Python Selenium – get href value

Question:

I am trying to copy the href value from a website, and the html code looks like this:

<p class="sc-eYdvao kvdWiq">
 <a href="https://www.iproperty.com.my/property/setia-eco-park/sale- 
 1653165/">Shah Alam Setia Eco Park, Setia Eco Park
 </a>
</p>

I’ve tried driver.find_elements_by_css_selector(".sc-eYdvao.kvdWiq").get_attribute("href") but it returned 'list' object has no attribute 'get_attribute'. Using driver.find_element_by_css_selector(".sc-eYdvao.kvdWiq").get_attribute("href") returned None. But i cant use xpath because the website has like 20+ href which i need to copy all.

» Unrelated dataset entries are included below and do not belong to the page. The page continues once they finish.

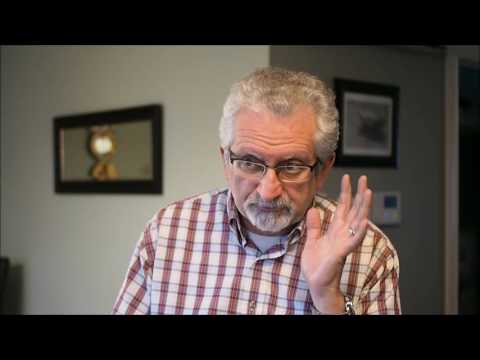 Photography 27: The "Ideal" Portrait Lens,  Equivalent focal lengths across different sensor sizes.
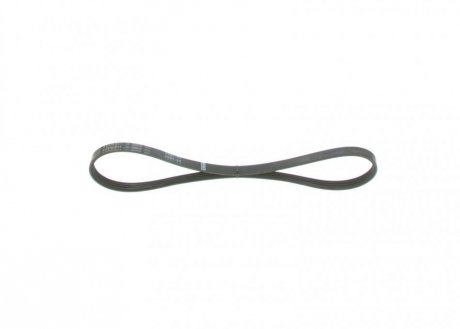 Доріжковий пас bosch 1987946110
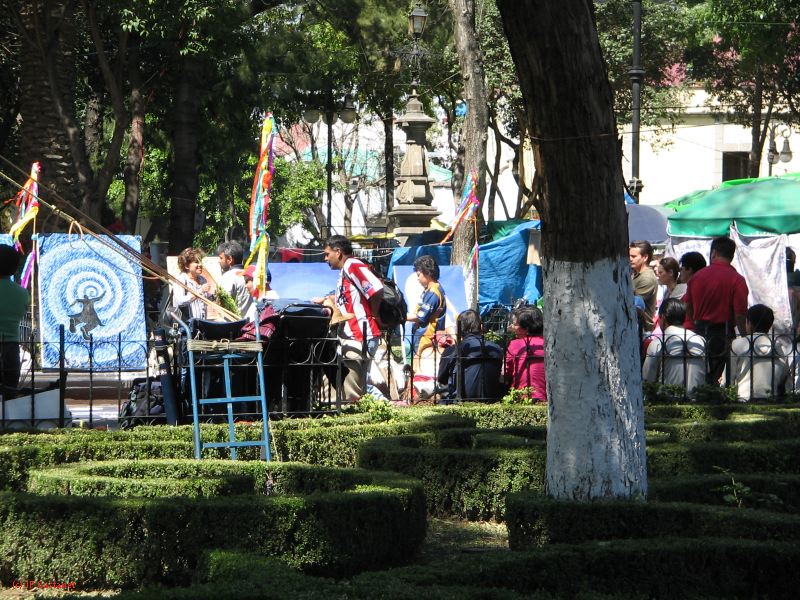 20_3  Coyoacan  089.jpg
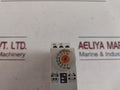 Crouzet Tr K 88 893 813 Time Delay Relay 1.5A/250Vac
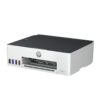 IMPRESORA HP SMART TANK 210 USB/WIFI/BIVOLT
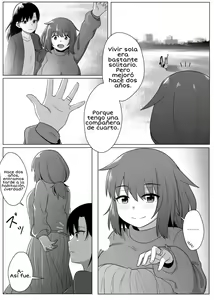 Page 35 of Mirror Collection 1 - preview thumbnail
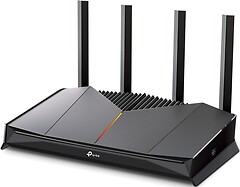Фото TP-Link Archer GE230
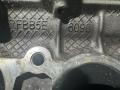 LR028243, 5145464, 5162176, BB5E6090DB, RFBB5E6090DB головка блока цилиндров Volvo S60 2 поколение - фото №16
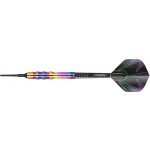 Winmau soft Simon Whitlock 20g 90% wolfram Urban Grip – Zbozi.Blesk.cz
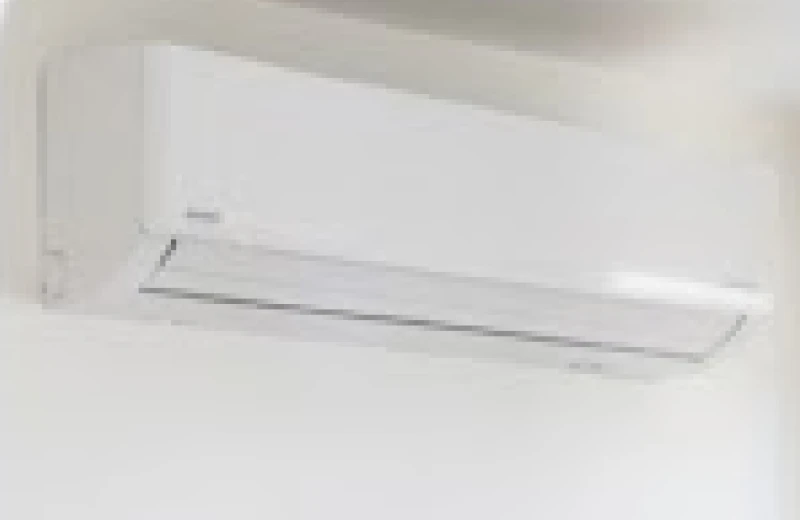 Αναβάθμιση θέρμανσης κλιματισμός επιδότηση Ανακαινίζω 2026 Θεσσαλονίκη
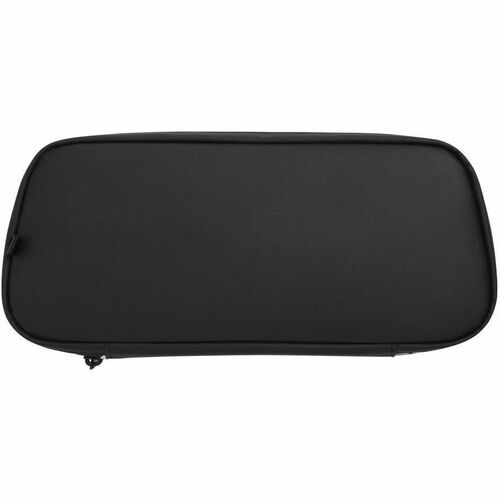 Asus ROG Carrying Case (Pouch) ROG Travel, Memory Card, Credit Card, G
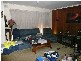 165 Morgan Lane, Broken Hill NSW 2880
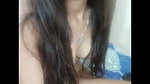 Tamnna Singh Show Boobies Navel Show Lips Show Hairy Pushy Show Fingring Pushy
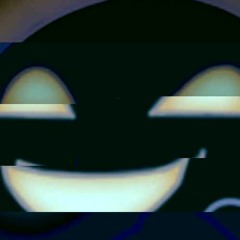 EYEZ - (prod. kralc)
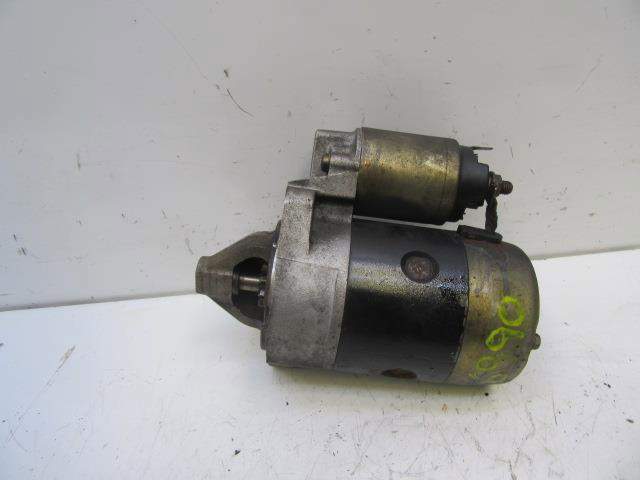 MD335584 Mitsubishi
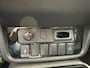 Mitsubishi Outlander 2.4 PHEV Pure / 1E EIGENAAR / AIRCO / CRUISE / PARKEERSENSOREN / TREKHAAK / CAMERA / APPLE CAR PLAY / NL-AUTO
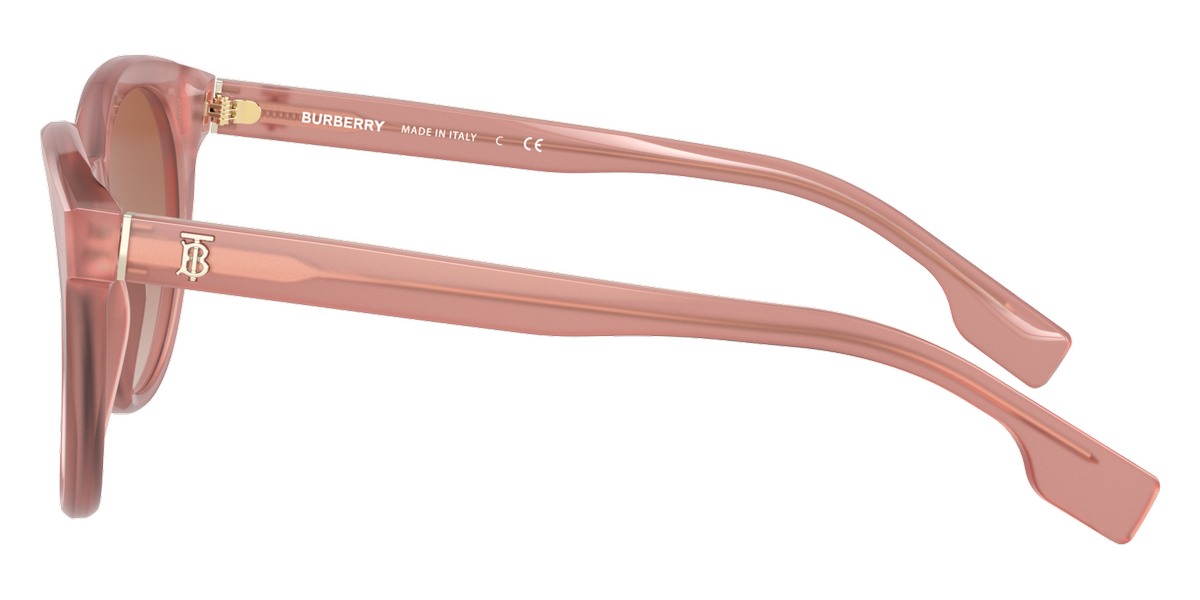 Burberry™ - Amelia BE4326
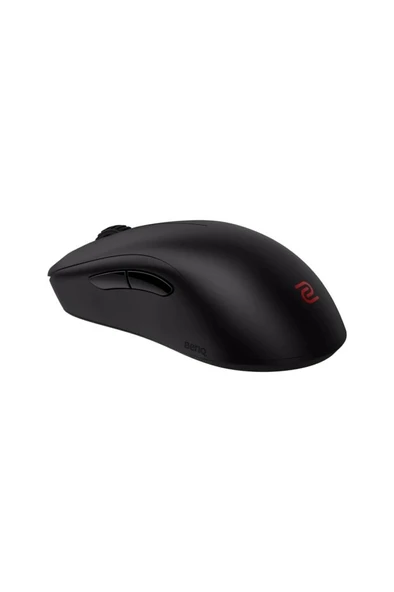 BenQ Zowie U2-DW Şarjlı Optik Kablosuz Oyuncu Mouse Teşhir - Resim 2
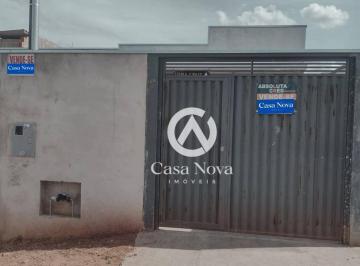 Imagem 1 · Casa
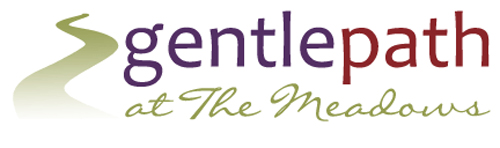 Image for Gentle Path at The Meadows with ID of: 1356001
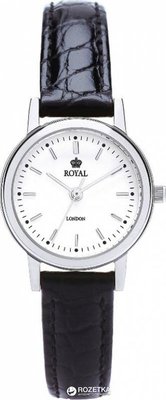 Royal London 20003-01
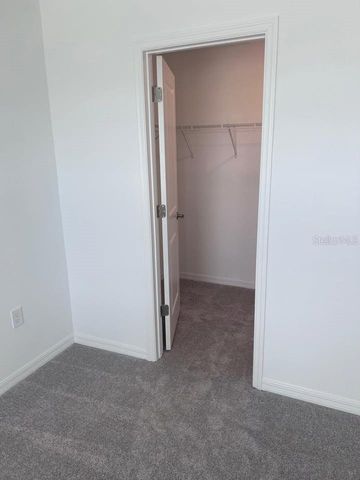 5081 SPANGLE DRIVE, St Cloud, FL 34769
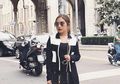 Sindir Hubungan Berkedok Kakak-Adek, Prilly Latuconsina: Suruh Ngomong Sama Tangan!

Using xpath would only copy one.

If it helps, all the 20+ href are categorised under the same class which is sc-eYdvao kvdWiq.

Ultimately i would want to copy all the 20+ href and export them out to a csv file.

Appreciate any help possible.

Asked By: Eric Choi

||

Answers:

try something like:

elems = driver.find_elements_by_xpath("//p[contains(@class, 'sc-eYdvao') and contains(@class='kvdWiq')]/a")
for elem in elems:
   print elem.get_attribute['href']
Answered By: Robert

The XPATH

//p[@class='sc-eYdvao kvdWiq']/a

return the elements you are looking for.

Writing the data to CSV file is not related to the scraping challenge. Just try to look at examples and you will be able to do it.

Answered By: balderman

You want driver.find_elements if more than one element. This will return a list. For the css selector you want to ensure you are selecting for those classes that have a child href

elems = driver.find_elements_by_css_selector(".sc-eYdvao.kvdWiq [href]")
links = [elem.get_attribute('href') for elem in elems]

You might also need a wait condition for presence of all elements located by css selector.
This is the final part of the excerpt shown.